# EXERCISE PROMPT
In the records below, find the line with "Generalizations and Inferences in Context" and repeat exactly every line from it through the line with "Esapament GPR compatibil". Pictures stay out.

# INPUT MATERIAL
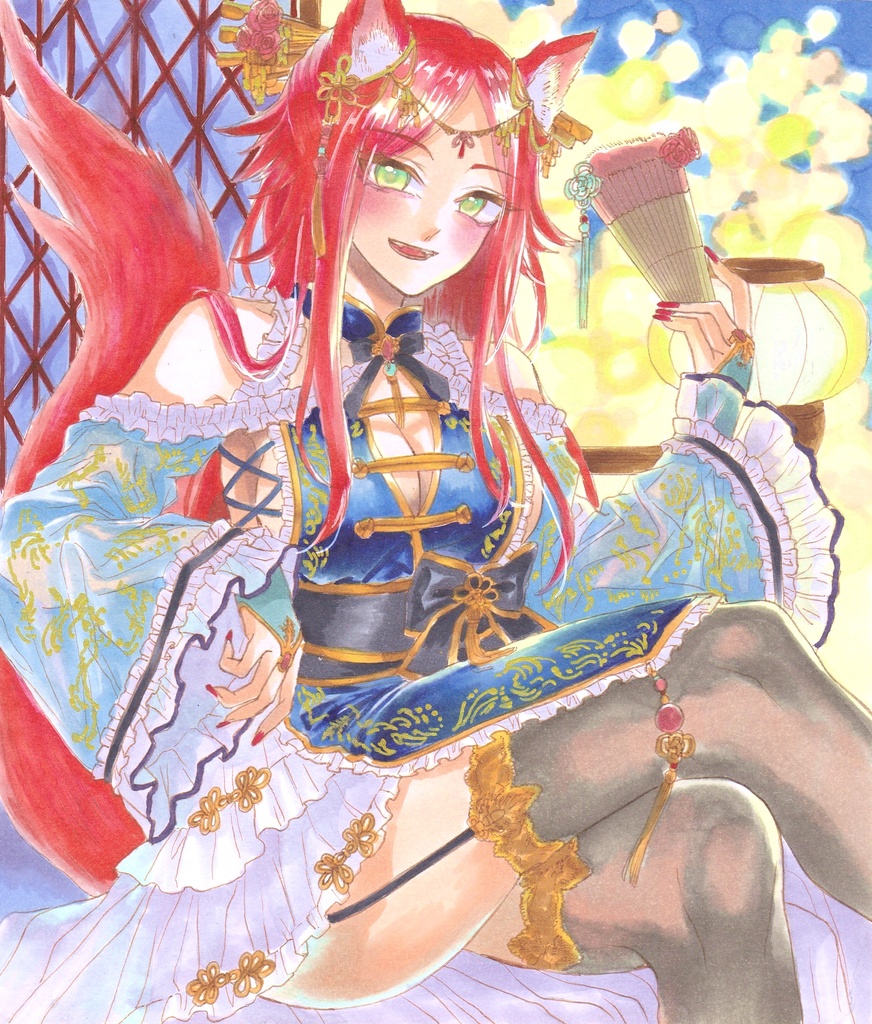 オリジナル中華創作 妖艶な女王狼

--

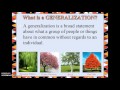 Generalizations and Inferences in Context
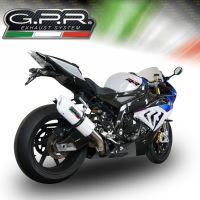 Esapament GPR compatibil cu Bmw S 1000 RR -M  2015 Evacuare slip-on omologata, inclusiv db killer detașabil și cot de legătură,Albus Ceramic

# SOLVED EXERCISE
 Generalizations and Inferences in Context
 Esapament GPR compatibil cu Bmw S 1000 RR -M  2015 Evacuare slip-on omologata, inclusiv db killer detașabil și cot de legătură,Albus Ceramic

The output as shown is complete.